Foncier / Agriculture
Rehausser de manière progressive l’exonération de taxe foncière sur les propriétés non bâties (TFNB) visant les terrains à usage agricole en portant son taux à 30% au 1er janvier 2025, puis à 40% au 1er janvier 2026 et enfin à 50% au 1er janvier 2027. Ceci afin, notamment, de "rendre le portage du foncier agricole plus attractif".
Augmenter la taxe sur la cession à titre onéreux de terrains nus devenus constructibles, dans un objectif de lutte contre l’artificialisation des terres agricoles.

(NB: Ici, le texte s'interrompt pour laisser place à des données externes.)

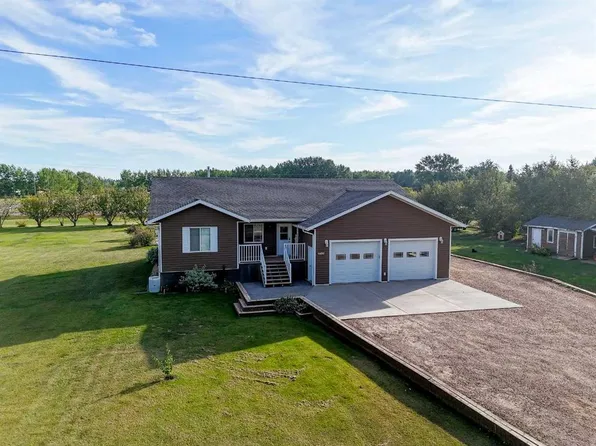 9405 N 95th Ave, Mackenzie County, AB T0H 2H0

Revaloriser annuellement le plafond de la taxe additionnelle à la taxe foncière sur les propriétés non bâties (TA-TFNB), soit la taxe affectée pour frais de chambres d’agriculture, via son indexation sur l'indice des prix à la consommation. Ceci afin d’augmenter les ressources financières des chambres d’agriculture sans perte de recettes pour l’État (plusieurs amendements, dont un de Charles de Courson et un de Jean-René Cazeneuve).